I’m sure a similar question has been asked many times but I couldn’t quite find an answer that I felt comfortable with. I tried reaching out on the Influx community but so far no responses.
I’m running InfluxDB 1 on a Raspberry Pi 4B with 4GB RAM. I am using Node-RED to log sensor data and would like to log several measurements once a second. I am pretty novice when it comes to data bases and best practices.
I realize that logging values once a second indefinitely is going to create millions of records very quickly and would be difficult for the Pi to query. In theory I will be capturing reports monthly. So if I were to setup a retention policy of 3-6 months, (just in case I mess up something on the reports and need to back track) records that are older than this would be deleted and free up space? Would this be a reasonable approach?
I know another route would be data aggregation but as the sensors could see quick small spikes that I would want to see, wouldn’t aggregation “smooth” these out?
I appreciate any advice on best practices for this type of logging. In the past the amount of records I’m dealing with have been much lower, so this will be a good learning opportunity for me
In principle the data access should not be a problem for a pi 4. The problem with using influxdb on a pi is with the SD card. Influxdb moves data about a lot and SD cards don't like that. If you use, for example, a usb disc or SSD for the influx then there should not be a problem.
Yes
You can use influxdb to do the aggregation on older data, using Continuous Queries, but rather then keeping the mean you could keep the max value (or max and min) for each period.
Or, if you are only interested in the spikes, do the aggregation before it goes to influxdb, keeping the max value every 10 seconds, or whatever is appropriate.
Thank you for the response Colin. This is exactly the type of explanation I was looking for.
Unfortunately for me I'm stuck with the SD card, although it is a 128GB Samsung EVO+ from Canakit so as far as SD cards go, I should get decent performance.
I wouldn't say that I'm ONLY interested in the spikes, but they are probably the most important. I think doing the aggregation on older data and keeping the max would be acceptable.
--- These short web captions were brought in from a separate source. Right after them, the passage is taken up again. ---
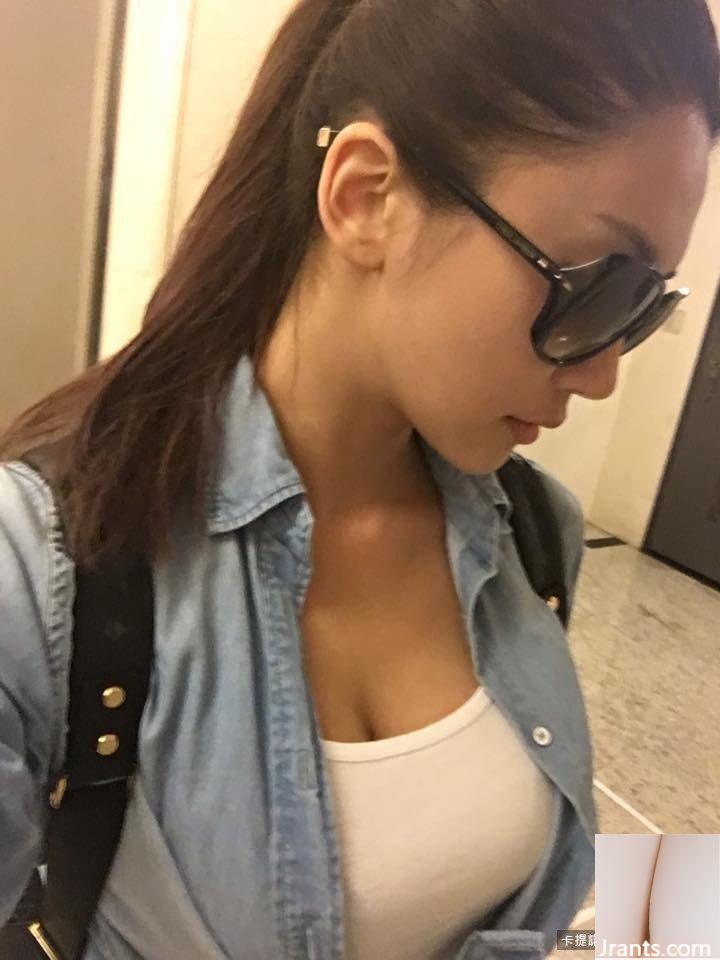 32D Hot Madou ~ Mia Wei Keren ~ selfie mờ ảo trên giường với đôi chân xinh đẹp lộ ra ngoài, khoe khí chất và vẻ đẹp (61P) - Ảnh 13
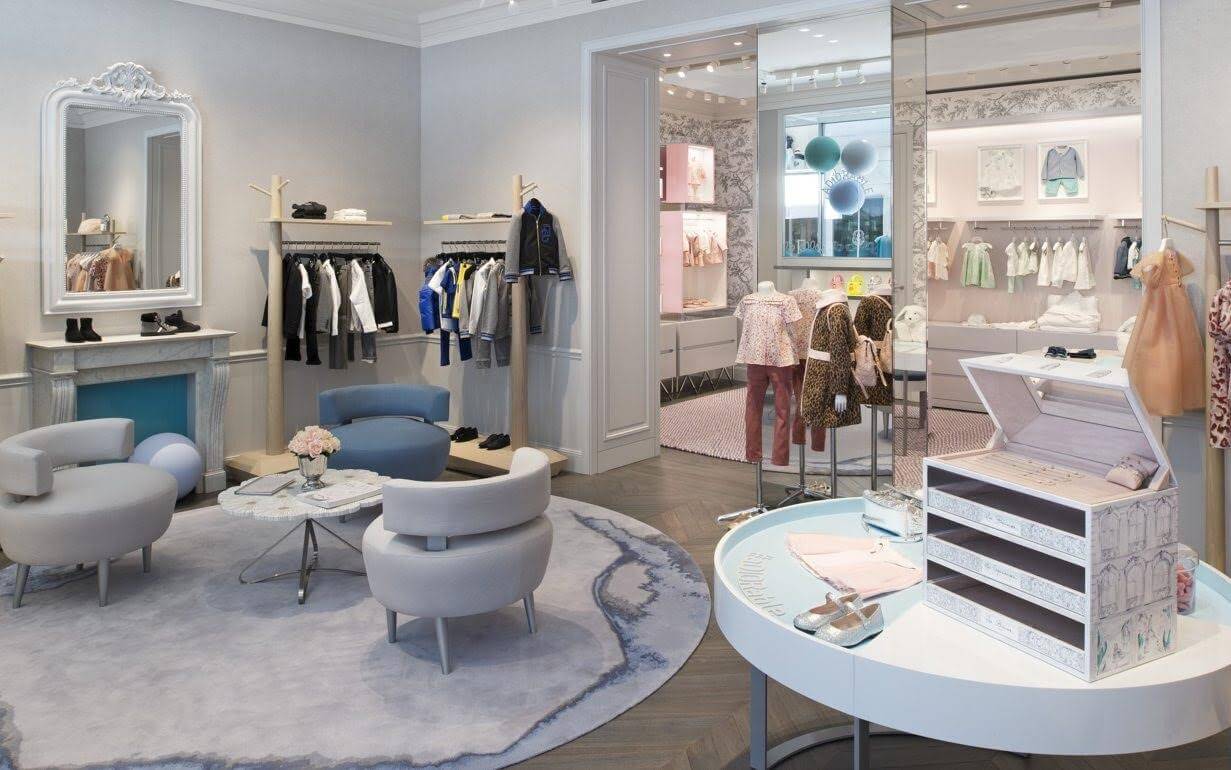 cách bày trí shop quần áo trẻ em - Pendecor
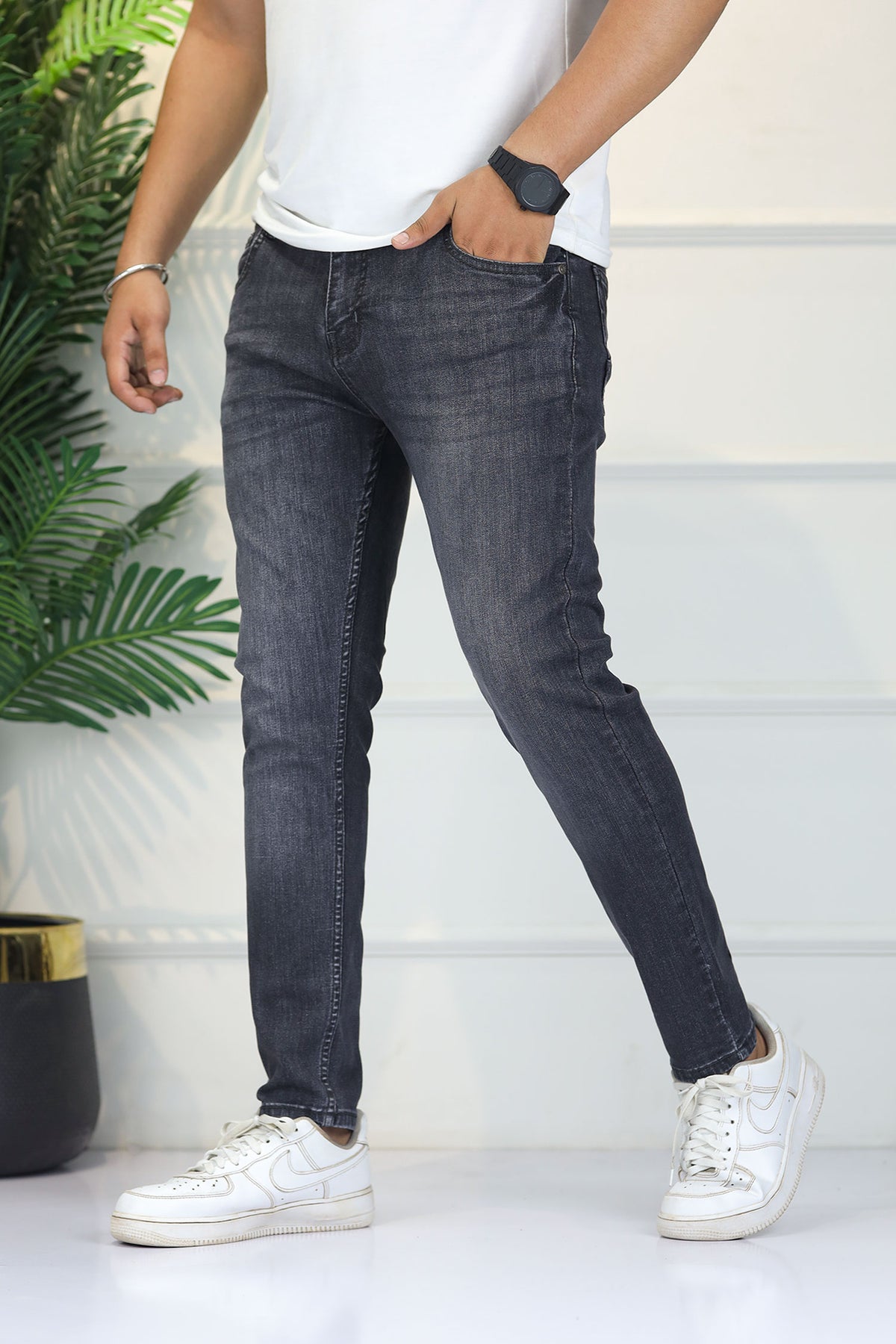 Turbo 'Second-Skin' Spray-On Ankle Fit Jeans In Charcoal Black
Is there anything else I should keep in mind when working with this amount of data? Will something like Grafana struggle to show graphs or pull in data? I won't be using the browser on the Pi to view Grafana.
You may be ok. I don't know. Certainly make sure you backup the data if it is important not to lose it.
I bought an old laptop with a dodgy screen for next to nothing for running influxdb and grafana. I manage it mostly through SSH and it rarely has the screen open, it has been running for several years without a hitch. It gets all its data through mqtt from the pi running the automation.
Ok that is good to know. I have a local weather station that grabs several metrics and logs every 5 minutes and that's been running great for a couple of years now. But even with two years of data the number of records is much much less than this one will be with a logged reading every second.
I just wanted to make sure I wasn't being foolish by thinking I could log once a second for a few months at a time. And then query 1 month's worth of data which would be around 2.5 million records.
When I create graphs in Grafana, if I use the "group by" parameter and set a fixed time period, and then set to "max" that is the best way to perform the aggregation we mentioned earlier, right?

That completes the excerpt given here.